For three decades, firm opposition to any sort of nuclear development for Yucca Mountain has been a rite of passage for any candidate seeking national political office representing Nevada.
But the past few congressional races, Republicans have been bending that rule.
Mark Amodei, candidate for Nevada’s 2nd Congressional District seat, told the editorial board of the Las Vegas Sun on Monday that he would be happy to keep funding the development of the Yucca Mountain project through the Energy Department, with the hope of turning it into a bastion of nuclear research and reprocessing.
“I don’t celebrate every time somebody says it’s funded at zero,” Amodei said. “I support Joe Heck’s efforts. I think there are opportunities to do things out there.”
Amodei stresses that he’s against turning Yucca Mountain into a nuclear landfill, but doesn’t appear opposed to transporting radioactive waste to and from the site if it could be brought to rural Nevada for reprocessing.
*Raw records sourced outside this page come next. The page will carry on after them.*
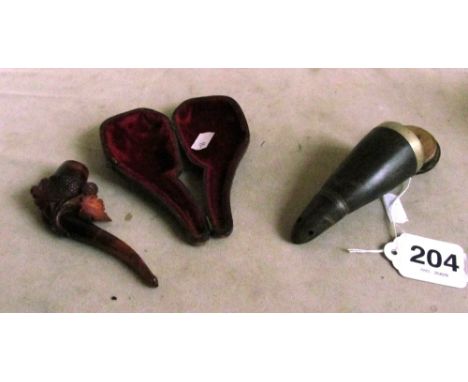 A Meerschaum pipe and snuff box
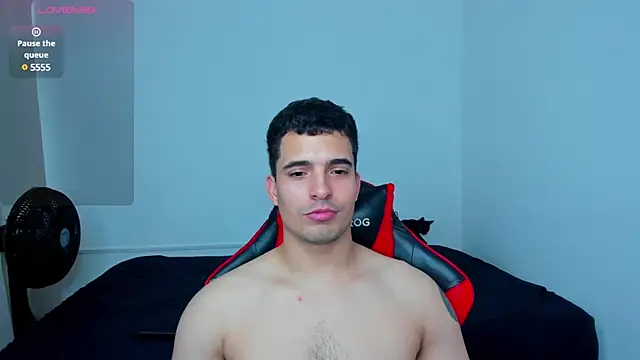 Snapshot of tanner_hard_ chatting on March 2025 06:59:02 PM tanner hard online show from March 2025 06:59:02 PM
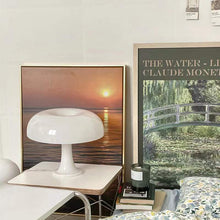 Carica l&#39;immagine nel visualizzatore di Gallery, Lampada da Tavolo Mushroom Style – Ispirazione Retrò Nordica in Bianco o Arancio
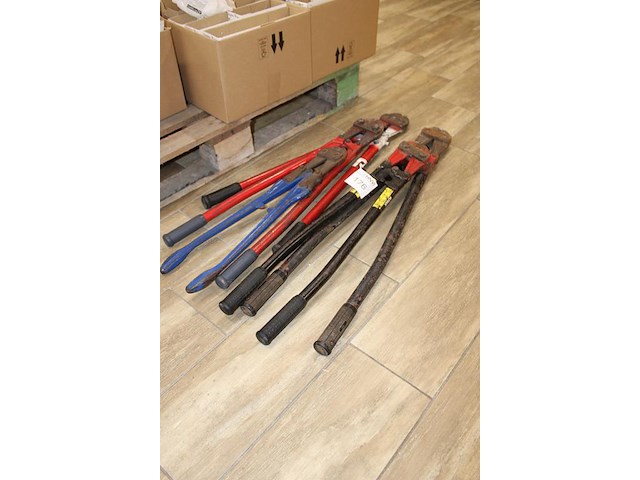 Vijf diverse betonijzer scharen. - afbeelding 2 van  2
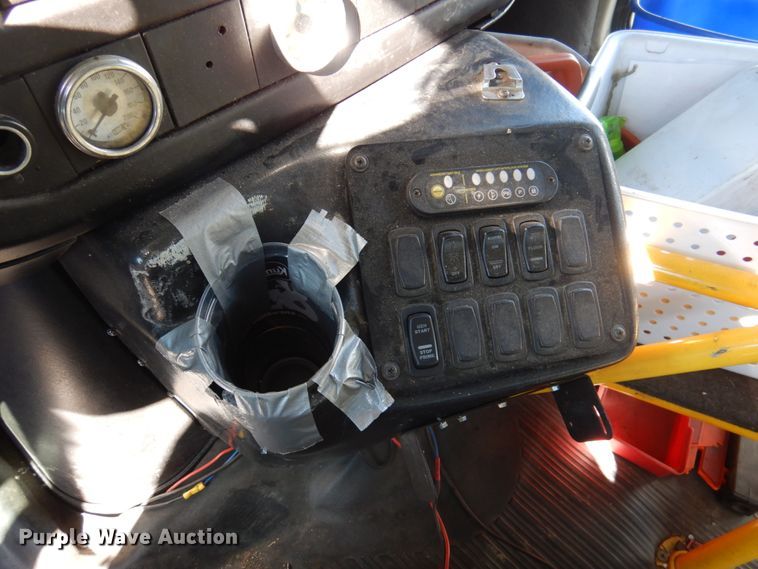 image for item HW9860 2010 Chevrolet Express  shuttle bus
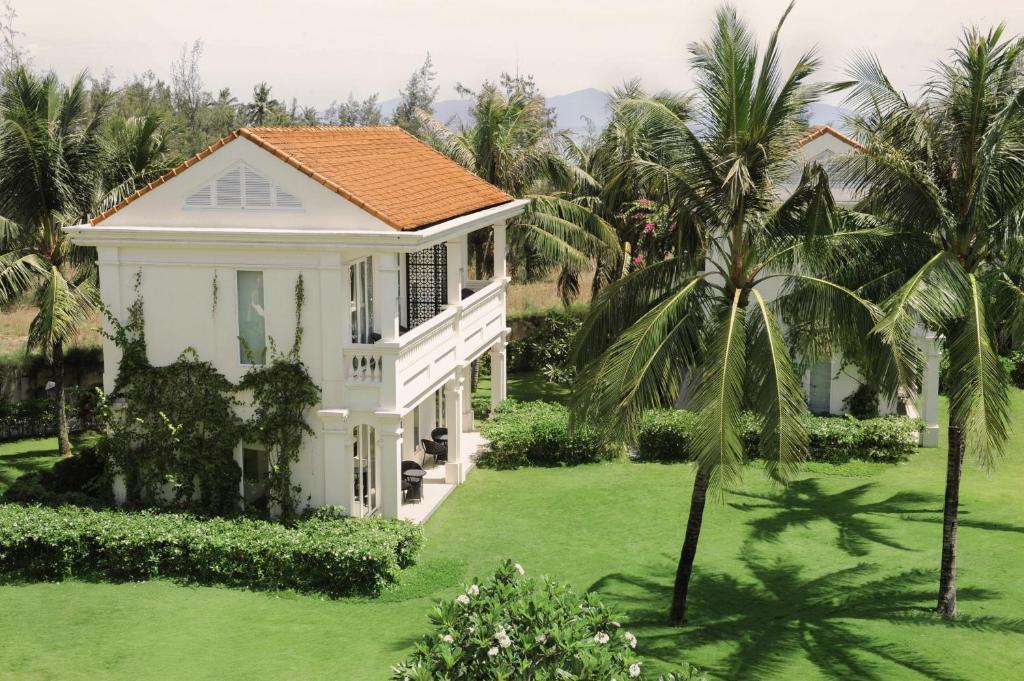 Premier Deluxe Room with Pool or Garden View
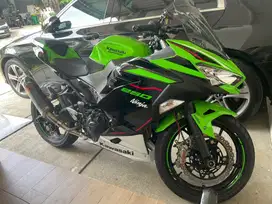 Ninja 250 ABS 2022 Kawasaki Racing Team low km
The transport issue, for many Las Vegans, is as much a concern as the storage.
“Why can’t we do the R&D for reprocessing here? Why can’t we do a best practices center here? Why can’t we do nuclear safety here?” Amodei asked rhetorically. “I think there are opportunities to make that something other than a nuclear landfill.”
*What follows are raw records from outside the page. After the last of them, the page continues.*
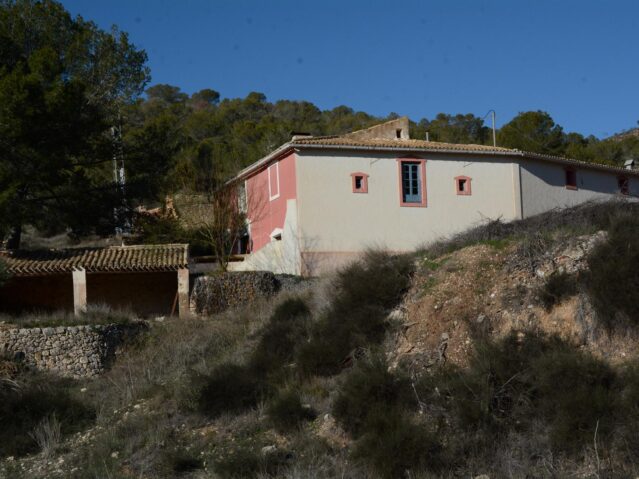 Resale - 6 Bedroom 2 Bathroom Villa in Monóvar - , Monóvar, Alicante, Spain - Alicante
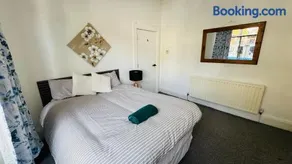 Ella street Double room - Image 1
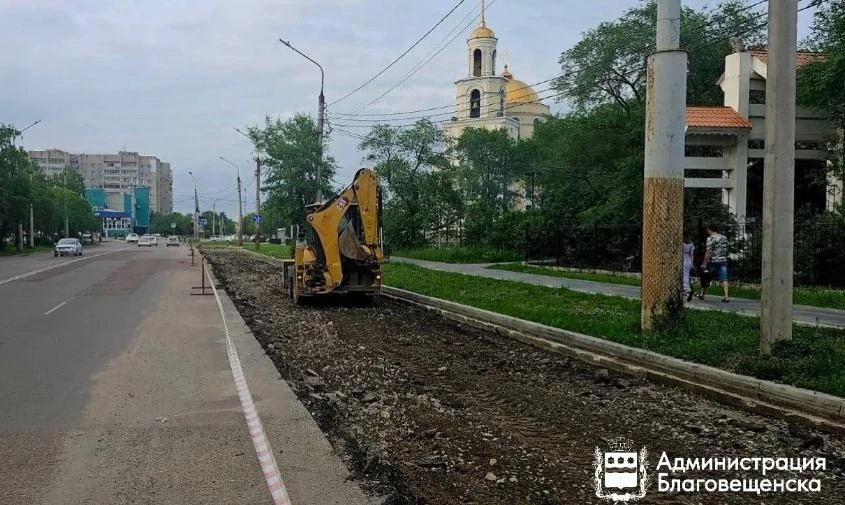 Асфальт уже сняли: в Благовещенске начали обустраивать парковку вдоль Храма Ксении Петербургской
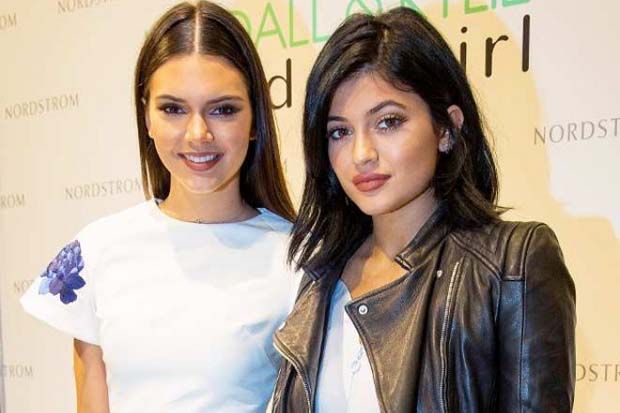 Kylie & Kendall Jenner Rilis Koleksi Tas dan Gantungan Tas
To date, Nevada hasn’t been an ideal candidate for reprocessing because the commercially viable processes rely too much on water. A gas-cooled process does exist, but isn’t widely available.
So, say this latest crop of politicians, let Nevada develop the way of the future.
Amodei wouldn’t be the first to try to walk this political tightrope: Heck has adopted a position of less resistance to Yucca Mountain since coming to Congress. But Heck’s argument — that the millions that have already been invested could bring thousands of jobs to Nevada — has earned mixed reviews. Heck was compelled enough to clear things up that he took a stand this summer, attempting to strip funding from the House’s Energy and Water appropriations bill because it included funding for Yucca Mountain, and when his effort failed, voting against the bill.
Yucca Mountain is one of the few programs that the bill, sponsored by Republican leaders in the House, didn’t cut. Amodei wants to hold on to that funding — and has even bigger plans for it than Heck down the line.
“If you fund it at zero, then you’re put in the position of going back and saying in these economic times of budgeting, ‘oh, by the way, now that we asked you to zero it out, we’d like you to fund other stuff.’ I just think it’s a heavier lift,” Amodei explained. “I think you need a nuclear safety best practices center, a training center ... if the Department of Energy wanted to justify its existence, we could do some work which would be worldwide in nature.”
That would represent a return to Nevada’s roots: The Nevada Test Site, also known as Area 51, was the center of the nuclear universe in the early years when nuclear development was geared toward military purposes. But Nevada’s seen nothing like that sort of spotlight when it comes to nuclear development for energy: The Silver State doesn’t have a single nuclear power plant, and currently boasts only one research facility at UNLV.
Nevada politicians who have opposed Yucca Mountain regularly in the past — that includes Senate Majority Leader Harry Reid, Republican Sen. Dean Heller and Democratic Rep. Shelley Berkley — remain opposed to it.